**Task to complete**
With pictures left out, copy exactly every line from the one containing "Shaded Relief Panoramic" through the end of the material.

**Given material**
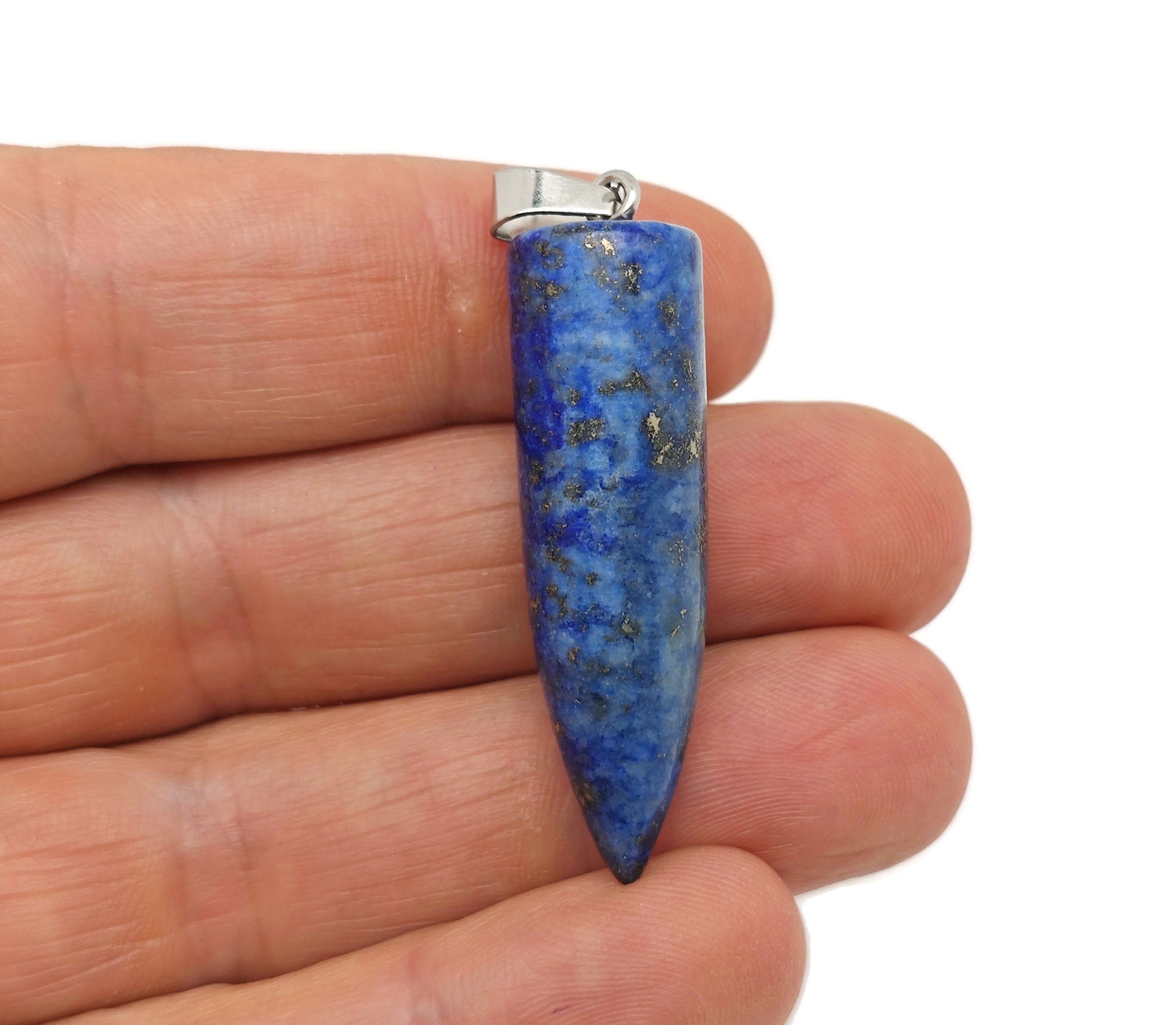 Pendentif en lapis-lazuli en forme de balle - Collier en cristal - Balle polie et sculptée - Lithothérapie - Pierre précieuse minérale - NC1451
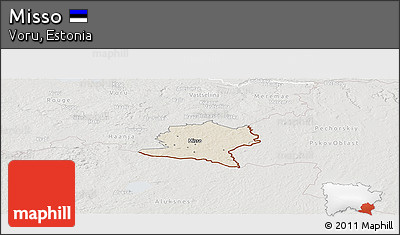 Shaded Relief Panoramic Map of Misso, lighten, semi-desaturated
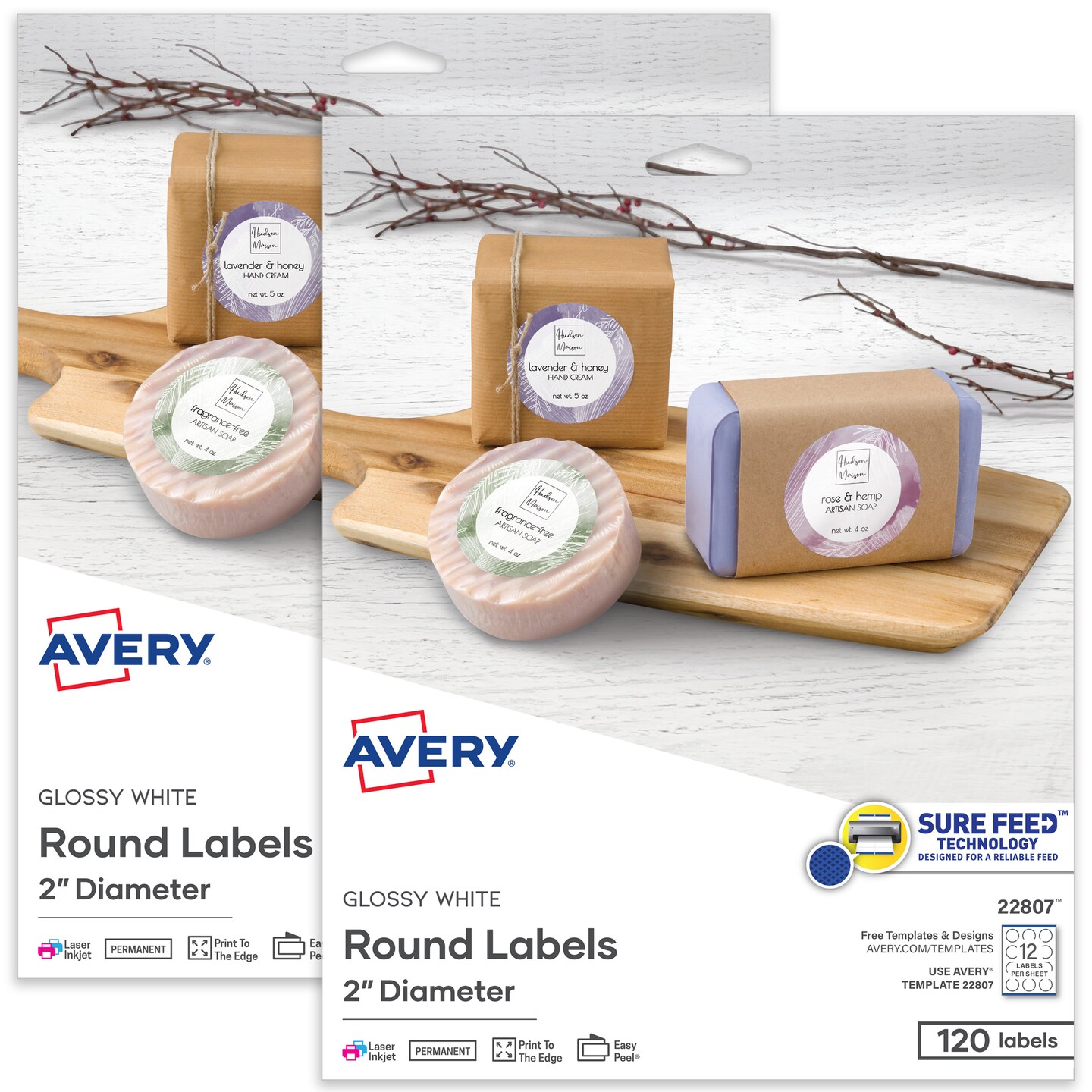 Avery Printable Round Labels with Sure Feed Technology, Glossy White Labels, 2" Diameter, Permanent Adhesive, Laser/Inkjet, 120 Per Pack for 240 Glossy Labels Total (2-Pack of 22807)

**The answer**
 Shaded Relief Panoramic Map of Misso, lighten, semi-desaturated
 Avery Printable Round Labels with Sure Feed Technology, Glossy White Labels, 2" Diameter, Permanent Adhesive, Laser/Inkjet, 120 Per Pack for 240 Glossy Labels Total (2-Pack of 22807)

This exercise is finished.